PS4/XB1's GCN architecture is about 30% faster than R700 architecture used in Wii U, Pascal is ~40% faster than Polaris which is more or less the same as GCN flop to flop... ROUGH estimate, but Pascal should be about 90% faster than Wii U, flop to flop. (X1 is maxwell based, and again there isn't much difference between performance per flop with pascal)
For illustration purposes, X1 is 512GFLOPs, this is over 5 times faster than Wii U's 176 gflops (nearly 3 times faster than the 352gflops it sometimes gets confused to have) and somewhere around 60% of XB1's performance.
If NX is using Pascal (I don't see Nvidia pushing out another maxwell chip tbh) they can hit much higher clocks when docked, so even in the same configuration as X1 (256 cuda cores) if it is reaching 1.5ghz or 1.6ghz, you'll have 768 to 819GFLOPs (+40%) which gives you 1 to 1.15 TFLOPs, slightly under XB1. If the pascal chip is 3 SM, it would be completely possible to hit 1.228 tflops (+40%) which gives you 1.7tflops, or just under PS4's 1.843TFLOPs.

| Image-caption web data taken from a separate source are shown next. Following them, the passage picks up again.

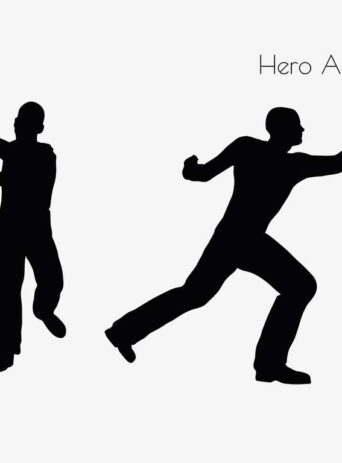Illustration Of Hero Action Pose In Silhouette Isolated On White : Stock Vector (Royalty Free) 017078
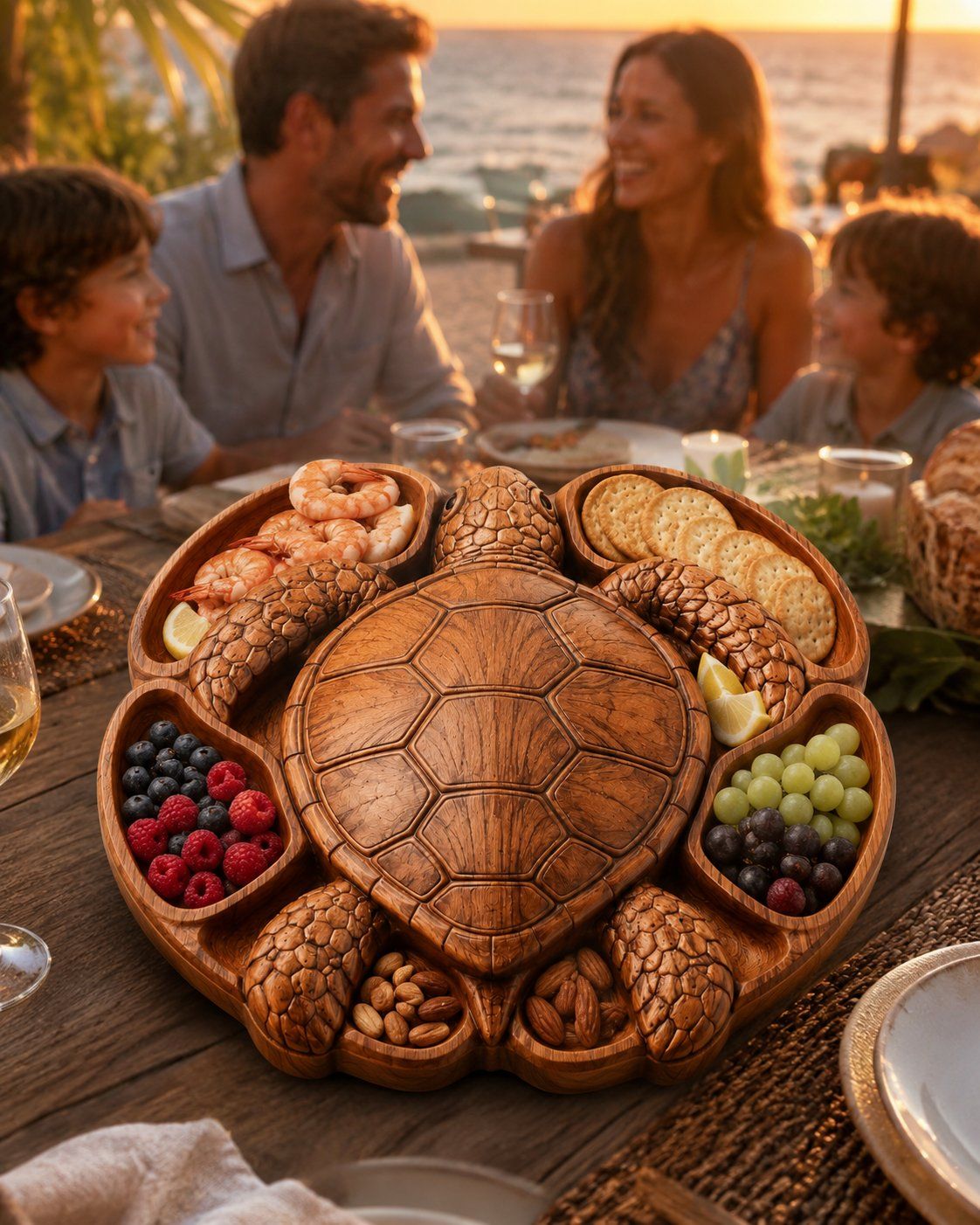 Sea Turtle Serving Platter Wood Carving bas-relief STL — view 8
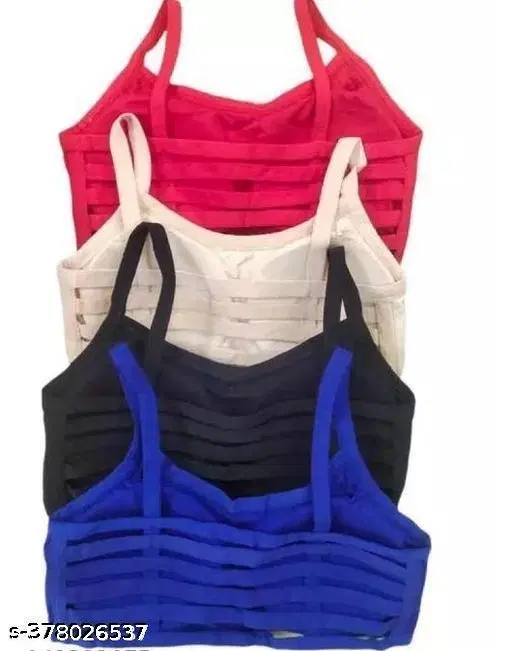 Cotton Silk Solid Bras for Women, Assorted, Pack of 4 (Free Size)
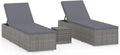 Set di Lettini Prendisole in Polyrattan Grigio con Tavolino, Sdraio Regolabile per Giardino e Piscina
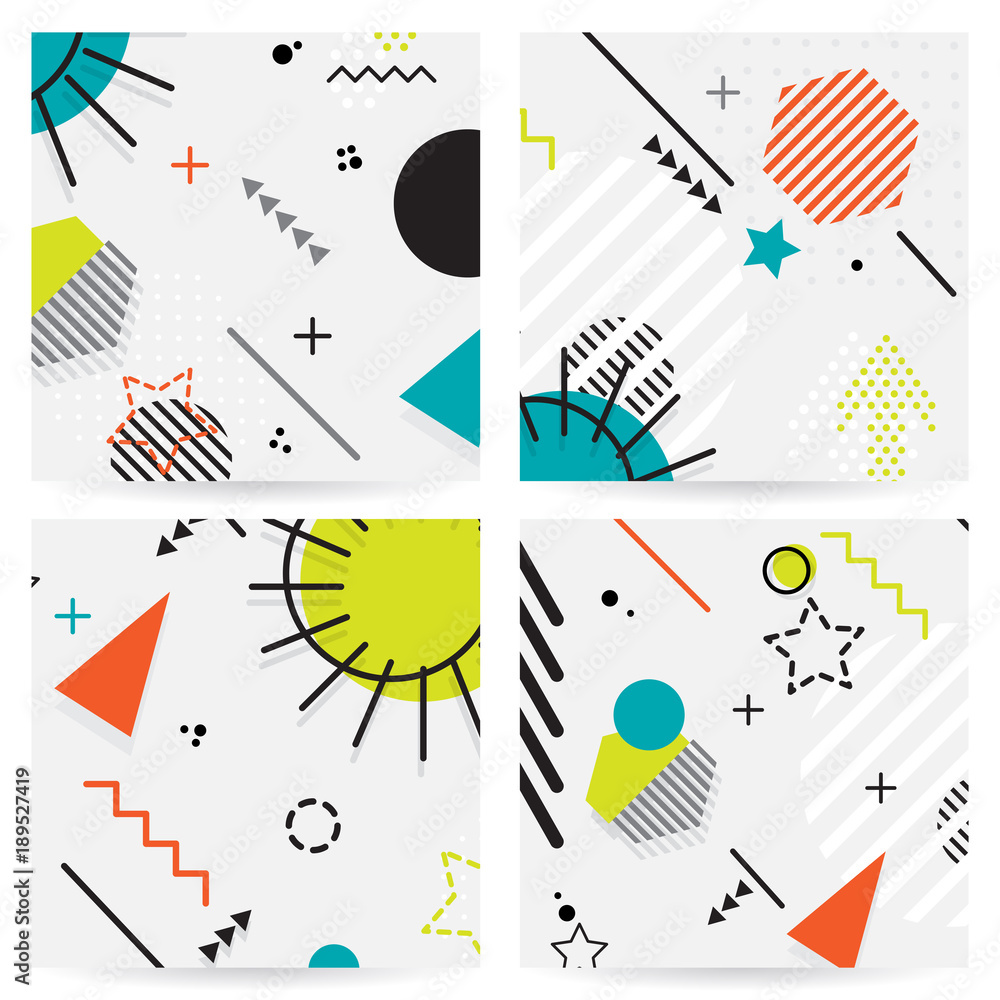 Obraz premium Trendy Memphis style geometric pattern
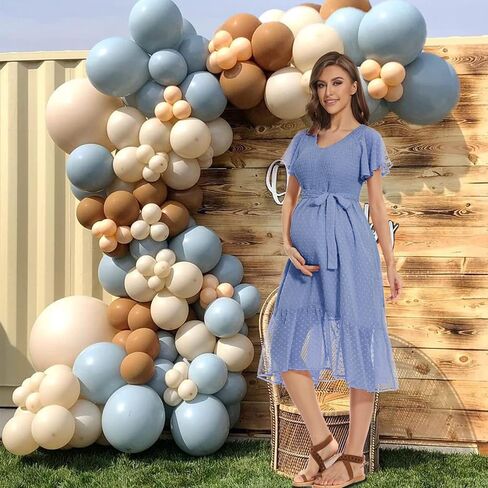 فستان حمل متوسط ​​الطول بأكمام قصيرة ورقبة على شكل حرف V من Boho Flutter لحفلات استقبال المولود الجديد/التقاط الصور، فستان حمل بنقاط سويسرية أزرق in Kuwait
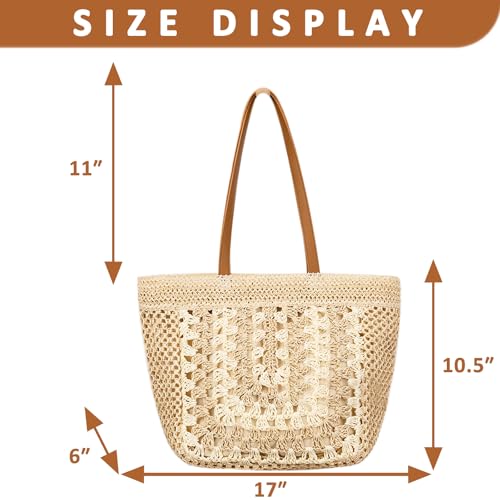 Straw Beach Bag for Women, Large Capacity Tote Bag, Handbag for Vacation, Travel, Daily(Styles 3242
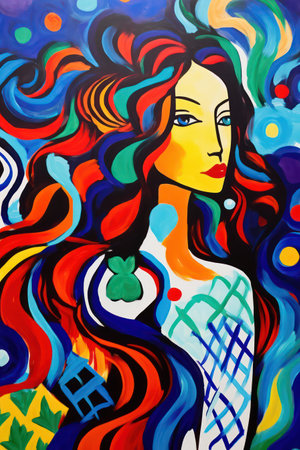 Beautiful woman with curly hair in the style of pop art.の素材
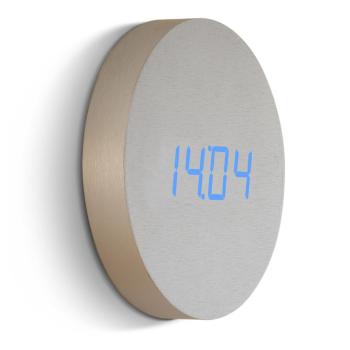 Szary zegar ścienny z niebieskim wyświetlaczem LED Gingko Round Clock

In order to reach those clocks, NX will have to have a fan in the body of the device, but that fan can be kept off while on the go, and be down clocked to 1/4th it's docked clock, which is perfect for 540p, it is also possible to waste battery and go with 1/2 it's docked clock so that it can have a terrible battery life and hit 720p. The dock can also offer a blower to help move air through the device, as long as the vents allow and the passive cooler fins are designed to be cooled from the side. An active cooler inside a device like this would be very interesting, as they could bridge the gap between devices.